INFORMATION PROVIDED section start

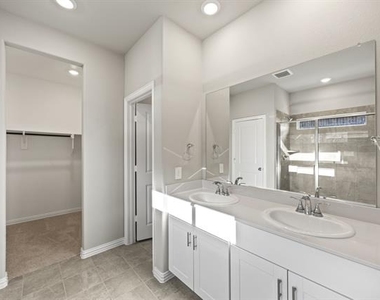 607 Clover Creek - Photo Thumbnail 10
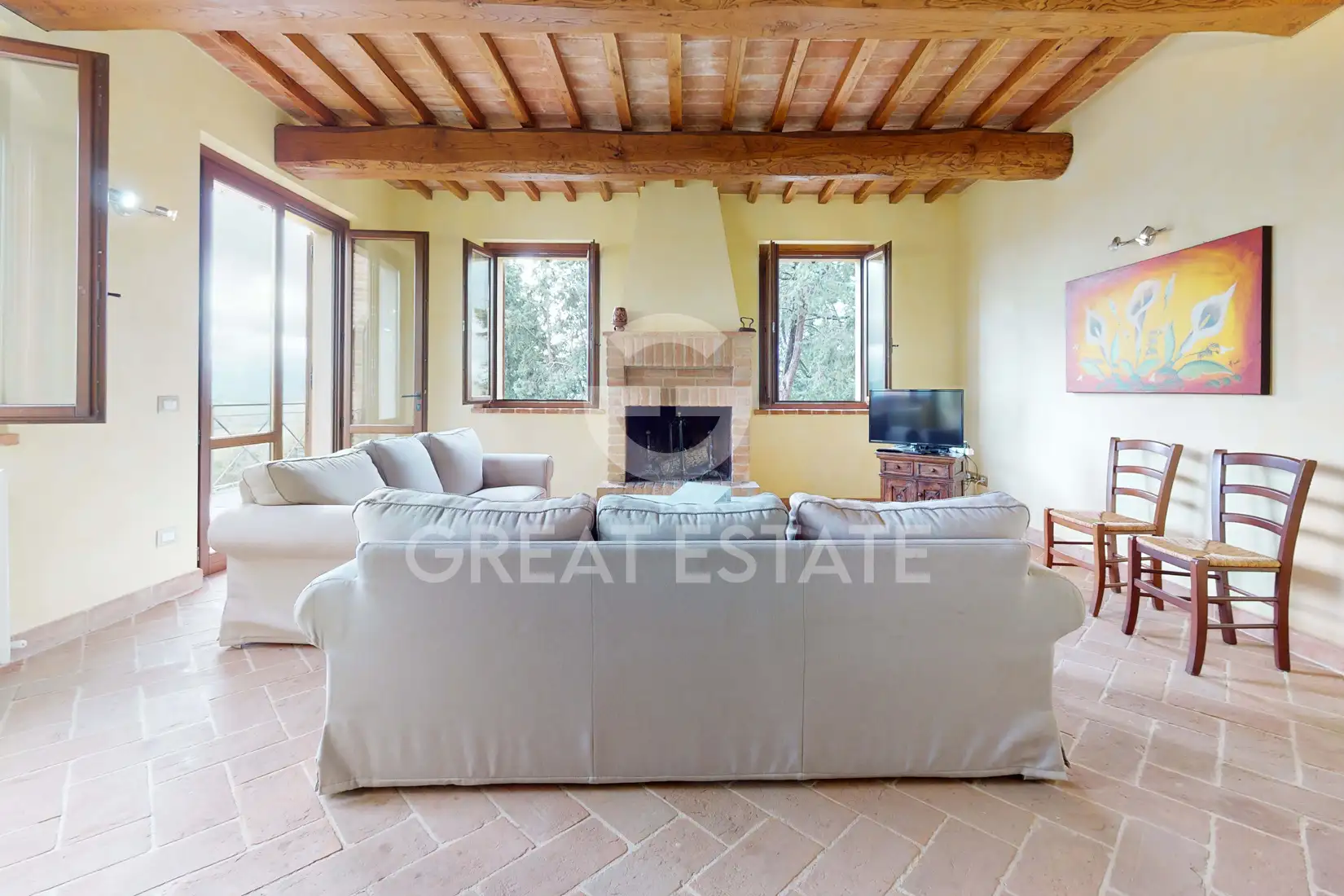 House 722m² in Italy, Perugia. Priced at 850000€ rent photo-8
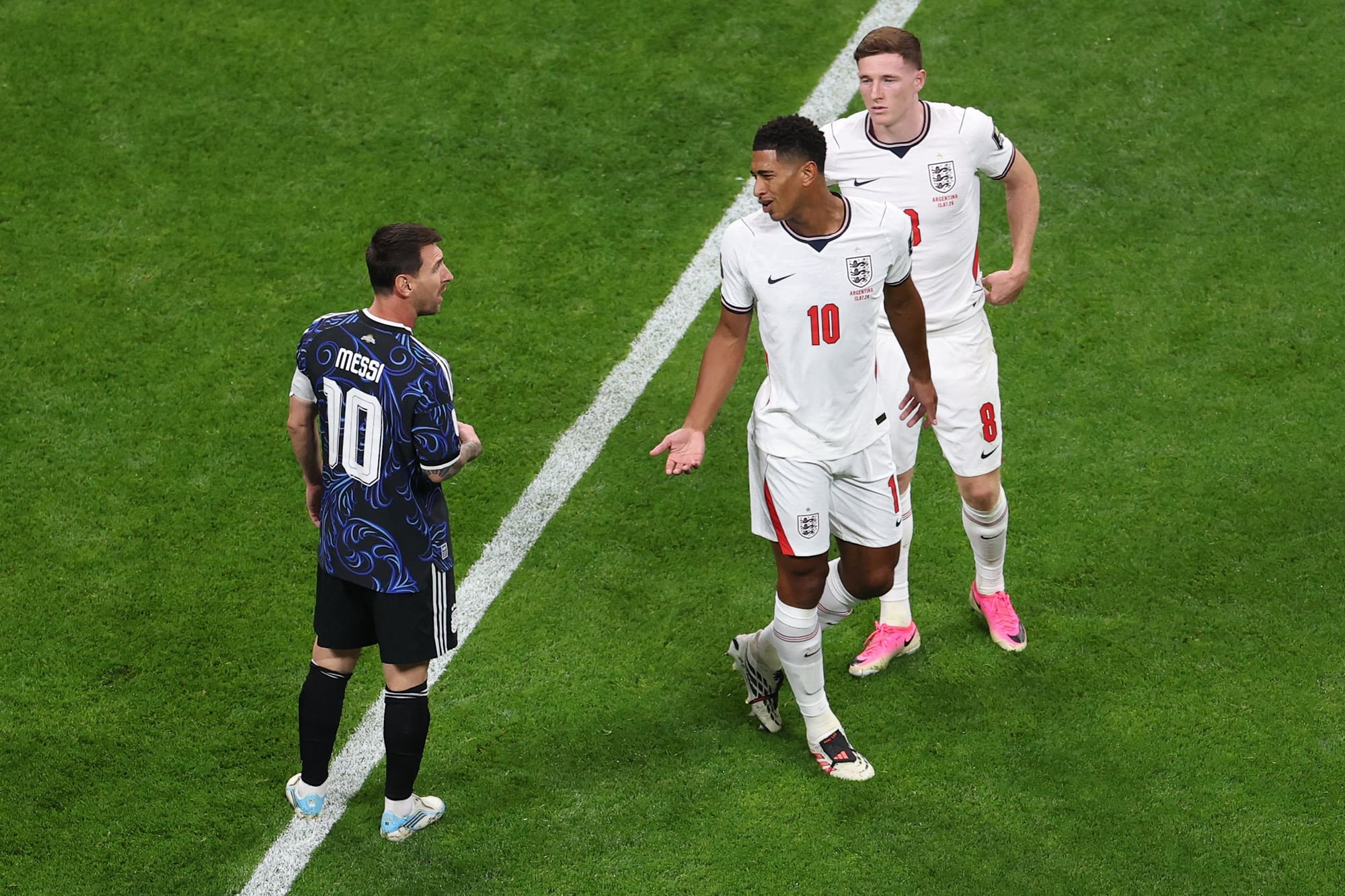 Lionel Messi discute con Jude Bellingham, en un partido que arrancó muy tenso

INFORMATION PROVIDED section end

TASK INSTRUCTIONS => Repeat the material exactly. Skip the images.

ANSWER TO THE PROBLEM =>
 607 Clover Creek - Photo Thumbnail 10
 House 722m² in Italy, Perugia. Priced at 850000€ rent photo-8
 Lionel Messi discute con Jude Bellingham, en un partido que arrancó muy tenso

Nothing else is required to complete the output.